* Work instructions
This exercise calls for the line with "Product image 5", the line with "Blue Brush Strokes", and all lines between them in the material below, output exactly and with no other lines.

* Extracted material
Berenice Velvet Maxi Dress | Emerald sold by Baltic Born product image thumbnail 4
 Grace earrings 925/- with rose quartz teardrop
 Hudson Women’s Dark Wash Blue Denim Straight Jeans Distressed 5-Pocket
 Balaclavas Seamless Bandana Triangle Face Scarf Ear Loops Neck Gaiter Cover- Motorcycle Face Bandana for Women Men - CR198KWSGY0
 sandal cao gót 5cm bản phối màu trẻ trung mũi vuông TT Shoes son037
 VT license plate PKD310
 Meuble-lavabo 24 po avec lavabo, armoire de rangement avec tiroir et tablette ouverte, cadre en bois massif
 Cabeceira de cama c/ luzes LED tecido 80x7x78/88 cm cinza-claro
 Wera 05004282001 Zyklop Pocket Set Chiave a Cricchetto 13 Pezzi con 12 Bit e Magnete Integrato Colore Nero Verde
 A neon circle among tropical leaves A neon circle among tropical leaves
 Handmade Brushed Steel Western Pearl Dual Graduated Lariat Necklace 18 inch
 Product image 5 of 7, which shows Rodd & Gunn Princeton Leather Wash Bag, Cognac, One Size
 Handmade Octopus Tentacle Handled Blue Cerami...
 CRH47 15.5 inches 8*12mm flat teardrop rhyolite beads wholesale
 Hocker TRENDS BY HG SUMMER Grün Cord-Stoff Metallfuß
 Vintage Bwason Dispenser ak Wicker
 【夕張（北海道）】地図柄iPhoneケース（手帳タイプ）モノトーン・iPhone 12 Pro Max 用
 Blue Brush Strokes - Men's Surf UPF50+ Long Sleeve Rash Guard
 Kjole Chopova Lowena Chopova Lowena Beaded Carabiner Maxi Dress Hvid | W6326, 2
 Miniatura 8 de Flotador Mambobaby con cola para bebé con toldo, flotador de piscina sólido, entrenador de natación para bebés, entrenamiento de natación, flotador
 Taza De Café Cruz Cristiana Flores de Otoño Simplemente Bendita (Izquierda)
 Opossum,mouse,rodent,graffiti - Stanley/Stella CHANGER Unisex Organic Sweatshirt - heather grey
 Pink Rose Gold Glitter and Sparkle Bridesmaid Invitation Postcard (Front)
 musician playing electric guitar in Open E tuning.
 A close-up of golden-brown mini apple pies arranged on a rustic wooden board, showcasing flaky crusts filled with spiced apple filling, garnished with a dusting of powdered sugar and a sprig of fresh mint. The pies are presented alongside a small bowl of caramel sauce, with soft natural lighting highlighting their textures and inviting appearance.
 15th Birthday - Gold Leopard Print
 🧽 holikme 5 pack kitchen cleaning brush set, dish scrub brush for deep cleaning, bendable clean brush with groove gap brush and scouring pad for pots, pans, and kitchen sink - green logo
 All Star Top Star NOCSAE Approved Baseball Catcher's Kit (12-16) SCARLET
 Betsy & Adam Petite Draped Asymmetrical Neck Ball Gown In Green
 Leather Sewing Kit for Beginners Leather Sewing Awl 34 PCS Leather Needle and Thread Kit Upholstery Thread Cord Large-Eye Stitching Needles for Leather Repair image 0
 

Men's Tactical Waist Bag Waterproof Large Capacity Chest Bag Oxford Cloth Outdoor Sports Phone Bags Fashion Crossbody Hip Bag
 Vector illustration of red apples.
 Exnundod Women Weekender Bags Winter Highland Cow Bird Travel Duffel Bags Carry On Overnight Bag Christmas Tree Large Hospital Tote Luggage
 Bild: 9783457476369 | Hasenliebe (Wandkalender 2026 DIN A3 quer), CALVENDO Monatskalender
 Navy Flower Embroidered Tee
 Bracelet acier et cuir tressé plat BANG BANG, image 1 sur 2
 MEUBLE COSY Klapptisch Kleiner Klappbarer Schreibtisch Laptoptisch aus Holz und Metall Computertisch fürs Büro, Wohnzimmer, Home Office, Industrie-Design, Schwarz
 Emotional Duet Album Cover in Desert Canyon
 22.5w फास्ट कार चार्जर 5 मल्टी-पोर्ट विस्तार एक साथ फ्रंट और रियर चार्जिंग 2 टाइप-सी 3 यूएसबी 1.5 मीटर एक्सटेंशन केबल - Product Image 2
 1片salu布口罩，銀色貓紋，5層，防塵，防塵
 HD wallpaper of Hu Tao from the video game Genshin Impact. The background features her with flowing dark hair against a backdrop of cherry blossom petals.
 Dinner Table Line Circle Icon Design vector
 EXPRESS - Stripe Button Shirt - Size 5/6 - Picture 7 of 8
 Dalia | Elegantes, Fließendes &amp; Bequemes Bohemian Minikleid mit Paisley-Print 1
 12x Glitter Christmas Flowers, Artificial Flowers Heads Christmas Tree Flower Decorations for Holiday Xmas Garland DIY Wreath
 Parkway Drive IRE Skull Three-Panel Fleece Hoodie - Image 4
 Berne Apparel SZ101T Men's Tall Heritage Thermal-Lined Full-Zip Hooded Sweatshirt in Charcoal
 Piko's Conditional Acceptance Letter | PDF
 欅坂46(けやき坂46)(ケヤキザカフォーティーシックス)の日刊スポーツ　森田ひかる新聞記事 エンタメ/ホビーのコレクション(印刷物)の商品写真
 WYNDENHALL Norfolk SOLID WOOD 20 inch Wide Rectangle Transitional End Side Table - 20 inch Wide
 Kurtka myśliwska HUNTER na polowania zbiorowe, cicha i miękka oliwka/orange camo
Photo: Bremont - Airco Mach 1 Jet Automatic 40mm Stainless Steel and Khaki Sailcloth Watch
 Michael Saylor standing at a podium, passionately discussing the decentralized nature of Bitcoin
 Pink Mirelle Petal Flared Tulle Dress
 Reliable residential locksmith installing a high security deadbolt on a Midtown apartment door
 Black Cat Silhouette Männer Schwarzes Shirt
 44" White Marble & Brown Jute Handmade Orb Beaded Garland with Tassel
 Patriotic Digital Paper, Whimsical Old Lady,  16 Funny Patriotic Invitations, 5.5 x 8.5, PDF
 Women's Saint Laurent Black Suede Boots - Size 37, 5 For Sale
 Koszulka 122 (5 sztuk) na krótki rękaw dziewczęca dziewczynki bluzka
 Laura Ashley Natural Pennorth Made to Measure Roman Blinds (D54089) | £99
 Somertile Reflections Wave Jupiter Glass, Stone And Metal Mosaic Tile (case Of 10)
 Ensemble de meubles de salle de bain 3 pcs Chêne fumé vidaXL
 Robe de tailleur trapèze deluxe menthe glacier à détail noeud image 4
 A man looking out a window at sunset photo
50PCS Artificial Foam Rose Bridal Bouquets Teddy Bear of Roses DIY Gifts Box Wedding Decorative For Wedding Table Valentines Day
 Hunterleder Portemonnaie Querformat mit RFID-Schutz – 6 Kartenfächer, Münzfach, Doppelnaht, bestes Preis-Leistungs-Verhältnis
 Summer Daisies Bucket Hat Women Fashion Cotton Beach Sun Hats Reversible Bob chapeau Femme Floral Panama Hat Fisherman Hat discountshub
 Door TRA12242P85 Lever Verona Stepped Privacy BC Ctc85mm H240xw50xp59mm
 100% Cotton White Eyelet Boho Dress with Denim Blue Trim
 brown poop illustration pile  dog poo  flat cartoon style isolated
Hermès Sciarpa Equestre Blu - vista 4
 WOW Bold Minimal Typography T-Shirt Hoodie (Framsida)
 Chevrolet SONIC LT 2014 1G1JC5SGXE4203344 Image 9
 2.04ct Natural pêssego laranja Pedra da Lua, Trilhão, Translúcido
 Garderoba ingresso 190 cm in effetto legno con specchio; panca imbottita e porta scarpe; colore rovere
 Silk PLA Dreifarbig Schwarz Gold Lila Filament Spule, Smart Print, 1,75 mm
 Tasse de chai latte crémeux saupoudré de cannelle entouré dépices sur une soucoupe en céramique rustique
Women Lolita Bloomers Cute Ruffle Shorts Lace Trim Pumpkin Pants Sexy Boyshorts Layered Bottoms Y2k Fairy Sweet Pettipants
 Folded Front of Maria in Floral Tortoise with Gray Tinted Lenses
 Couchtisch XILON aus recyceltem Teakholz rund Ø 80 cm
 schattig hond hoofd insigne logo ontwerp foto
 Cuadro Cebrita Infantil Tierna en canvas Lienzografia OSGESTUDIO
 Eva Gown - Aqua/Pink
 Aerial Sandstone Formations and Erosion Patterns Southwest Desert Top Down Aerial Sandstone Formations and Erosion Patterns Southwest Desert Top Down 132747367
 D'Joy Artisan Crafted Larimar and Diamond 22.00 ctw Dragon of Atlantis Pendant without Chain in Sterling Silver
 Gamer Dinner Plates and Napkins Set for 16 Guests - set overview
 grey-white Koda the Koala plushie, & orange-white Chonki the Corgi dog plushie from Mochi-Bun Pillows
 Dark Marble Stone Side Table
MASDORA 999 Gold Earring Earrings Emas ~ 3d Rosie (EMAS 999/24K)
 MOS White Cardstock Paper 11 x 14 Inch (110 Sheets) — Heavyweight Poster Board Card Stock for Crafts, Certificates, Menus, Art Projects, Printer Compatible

* Your response
 Product image 5 of 7, which shows Rodd & Gunn Princeton Leather Wash Bag, Cognac, One Size
 Handmade Octopus Tentacle Handled Blue Cerami...
 CRH47 15.5 inches 8*12mm flat teardrop rhyolite beads wholesale
 Hocker TRENDS BY HG SUMMER Grün Cord-Stoff Metallfuß
 Vintage Bwason Dispenser ak Wicker
 【夕張（北海道）】地図柄iPhoneケース（手帳タイプ）モノトーン・iPhone 12 Pro Max 用
 Blue Brush Strokes - Men's Surf UPF50+ Long Sleeve Rash Guard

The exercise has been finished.